SOURCE DATA

# # #

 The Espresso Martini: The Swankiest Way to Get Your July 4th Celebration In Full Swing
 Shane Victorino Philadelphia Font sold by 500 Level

# # #

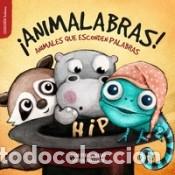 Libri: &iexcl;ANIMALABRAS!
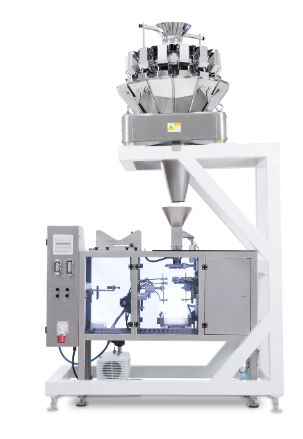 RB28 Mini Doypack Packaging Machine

# # #

EXERCISE AIM
Please, from the entries above, set down exactly the lines from the one containing "The Espresso Martini: The" through the one containing "Shane Victorino Philadelphia", and only those.

YOUR SOLUTION
 The Espresso Martini: The Swankiest Way to Get Your July 4th Celebration In Full Swing
 Shane Victorino Philadelphia Font sold by 500 Level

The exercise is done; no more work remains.